In exercise and physical fitness, we can define body composition by the measurements and percentages of fat, bone, water, and muscle. In general, muscular tissue has less mass than fat tissue. The correlation helps to determine “leanness” Because muscular tissue takes up less space in the body than fat tissue, body composition, as well as weight, determines leanness.
BMI, or body mass index, is the most common and easiest measurement of body composition. You can find it by using your height and weight. The equation is weight in kilograms/height in meters².
Below is a handy chart to help map out BMI:
The measure of BMI indicates, using height to weight, an estimated body mass ratio; that can be categorized by “underweight, normal, or obese.”
- < 18.5 underweight
- 18.5–24.9 normal weight
- 25.0–29.9 overweight
- 30.0–34.9 class I obesity
- 35.0–39.9 class II obesity
- ≥ 40.0 class III obesity
Another easy measure of body composition is the waist to hip circumference ratio, which is literally the circumference of a person’s waist and hip.
Those measurements are conducted by measuring the circumference of the smallest part of the stomach/natural waist (WAIST) and the largest part of the booty/hip (HIP).
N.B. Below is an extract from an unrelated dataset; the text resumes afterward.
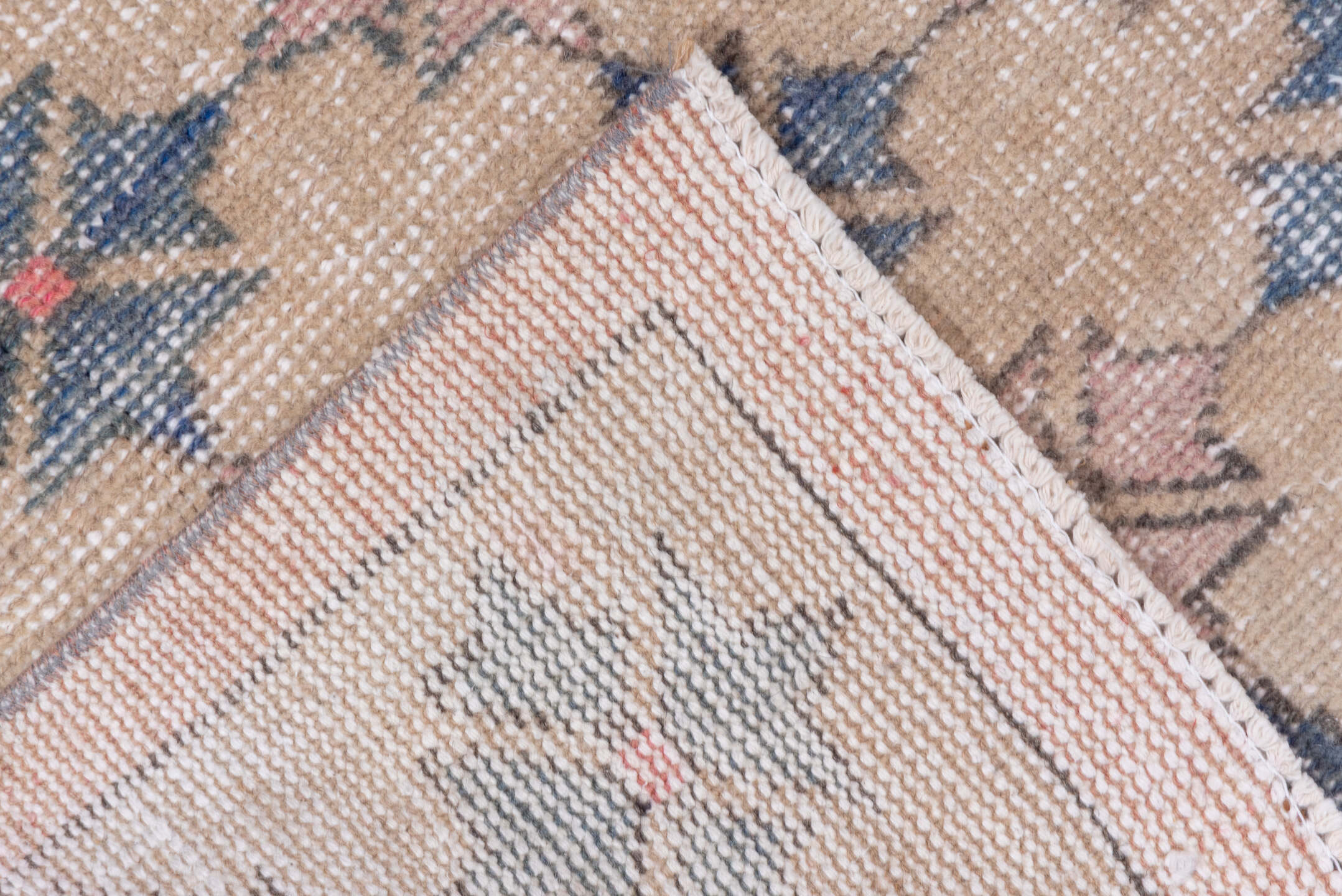 4' x 6' one-of-a-kind handmade vintage Oushak small size rug. Color palette: gray, light blue, light gray, off-white, pink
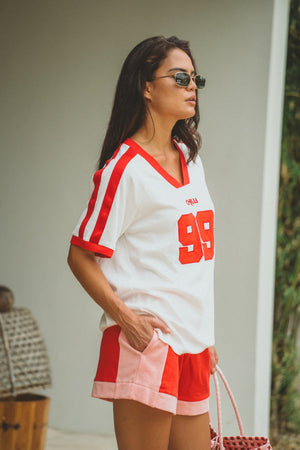 Chilli 99 Waffle Tee - Coconut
To find the ratio, you would divide the waist measurement by the hip measurement.
A ratio higher than 0.9 in men or 0.85 for women is an indicator of cardiopulmonary risk of disease, according to the World Health Organization. As outlined in the chart below, disease risk is measured in accordance with the waist to hip ratio in high, moderate, and low risk. (WHO)
Health risk
-Women: Low 0.80 or lower, Moderate 0.81–0.8, High 0.86 or higher
-Men: Low 0.95 or lower, Moderate 0.96–1.0, High 1.0 or higher
Other measures of body composition can include BIA analysis, DEXA scans, and underwater weighing. BMI and waist to hip ratio are the two easiest measurements. You can use them to analyze health/weight goals for fitness.